Founded in 1978, NAPO represents more than 241,000 sworn Law Enforcement Officers, and serves as the umbrella organization for the Police Benevolent Association's 1,000 police units and Chapter Associations.

Though most police tend to lean conservative politically, the criticism from the National Association of Police Organizations is new. NAPO endorsed Barack Obama in 2008 and 2012 because of Biden’s presence on the ticket, Johnson said.
 
“Police are shaking their heads he used to be a stand-up guy who backed Law Enforcement,” said another top official.

“Clearly, he’s made a lot of changes the way candidates do during the primary process. But he kept moving left, and fell off the deep end,” said NAPO's Johnson.

Biden’s immediate call earlier in the week for more "National Policing Reforms" and oversight in the wake of George Floyd's death in Minneapolis has created an immiediate fissure between his campaign and law enforcement groups, leaving many who once supported him frustrated by what they see as political posturing from their one-time ally. 

They believe Biden — who has has long prided himself on being a union-friendly Democrat — has quickly abandoned them for political reasons amid a nationwide crises, and has reversed his support of Law Enforcement men and women during the violent protests and destruction

As the two presidential candidates confront one of the most racially combustible moments in recent history, they are taking decidedly different tacks.
 
  • President Donald Trump has issued a full-throated call to restore “Law & Order” — even threatening military action to beat back violent protests.
  • Biden, on the other hand, has tiptoed around the defense of Law Enforcement, focusing instead on the need for "reforms" — claiming  deep-seated racial disparities plague the nation.
While previously priding himself for a good relationship with the nation's rank-and-file cops, in his first public speech in months Biden on Tuesday focused on race, highlighting the rights of protesters and saying "police reforms" are necessary.
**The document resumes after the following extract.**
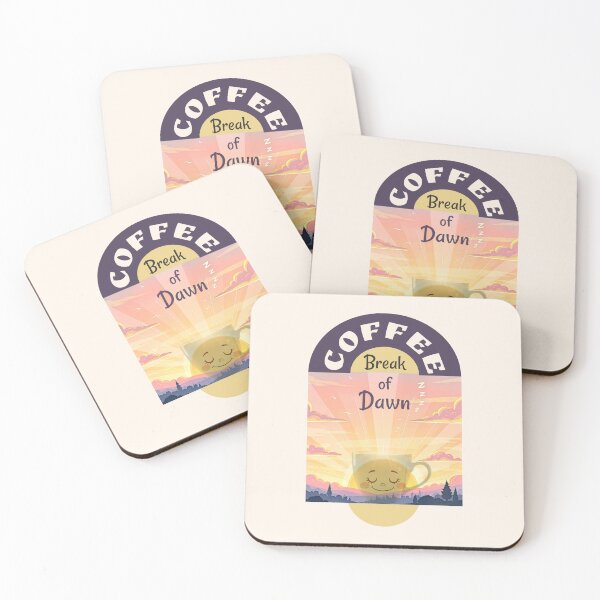 Item preview, COFFEE BREAK designed and sold by BabaSoti.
He made only a passing mention of police officers — including those who have been killed during the past week's violence.

In the speech, Biden pledged to establish a "National Police Oversight Commission" during his first 100 days should he be elected, and called on Congress has called for legislation to outlaw the use of chokeholds by police.
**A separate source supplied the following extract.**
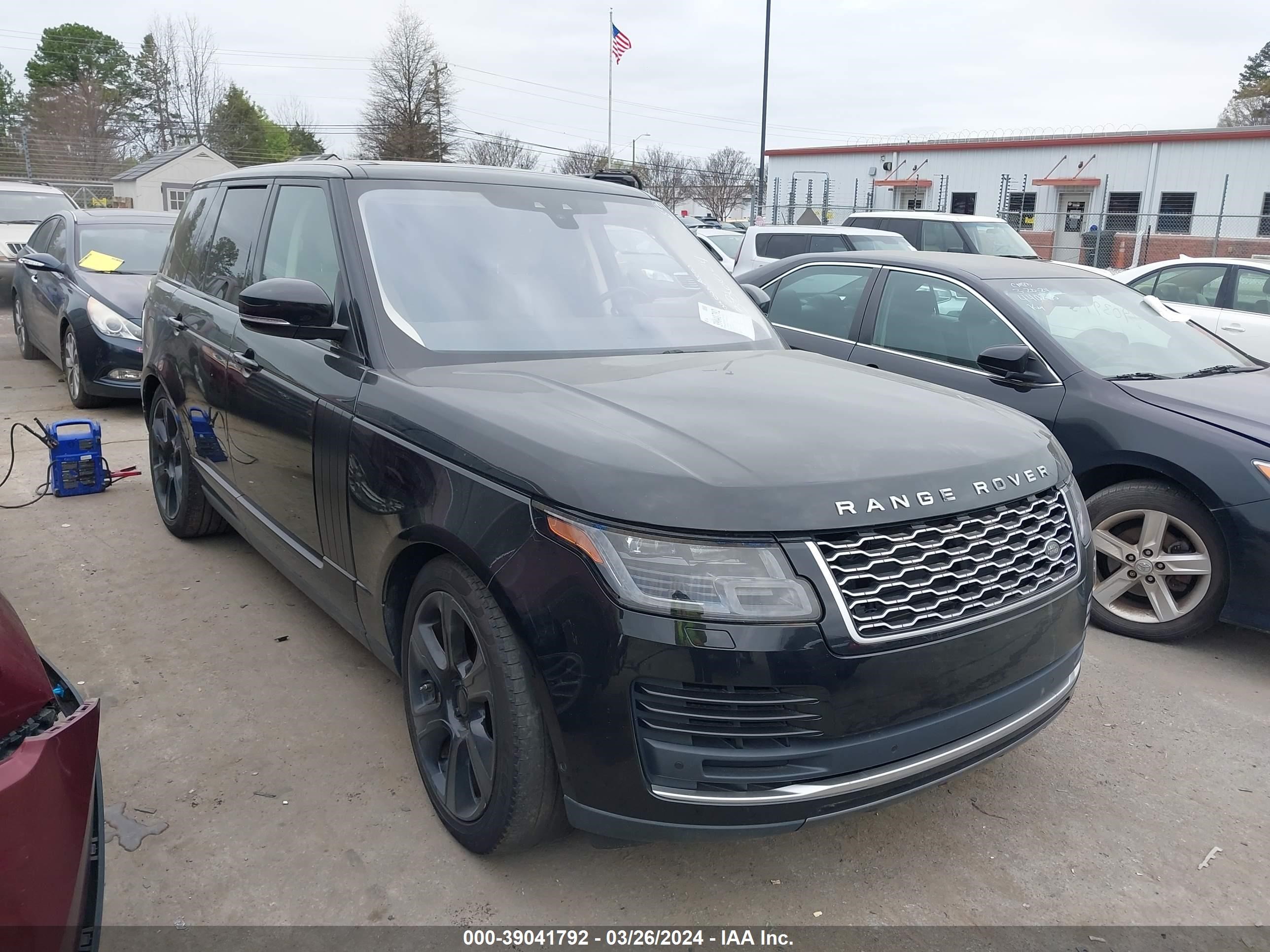 land rover range rover 2018 salgs2re4ja386624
“We all need to take a hard look at the culture that allows for these senseless tragedies to keep happening,” said Biden.

In the battleground state of Florida, Sheriff's Association President Bob Gualtieri criticized Biden’s National Oversight Commission pitch for community policing as a “contradiction” that’s indicative of political posturing.
 
“Law enforcement recognizes we have work to do,” said Gualtieri, a moderate Republican who represents St. Petersburg’s Pinellas County.
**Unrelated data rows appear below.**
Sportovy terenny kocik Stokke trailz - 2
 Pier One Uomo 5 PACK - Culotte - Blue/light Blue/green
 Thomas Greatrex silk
“But for Joe Biden or anyone else to start calling for all these ‘reforms’ reminds me of what happened under the Obama administration. It wasn’t productive in its relationship with law enforcement.

"A national law enforcement commission sounds like a lot of political rhetoric.”

In fact, the 2012 Obama-Biden re-election campaign marked a watershed political year in the relationship between Law Enforcement and the Democrat Party.

More than eight months before Obama’s re-election, the Black Lives Matter movement was begun in response to the shooting death of black Florida teenager Trayvon Martin by a self-appointed neighborhood watchman.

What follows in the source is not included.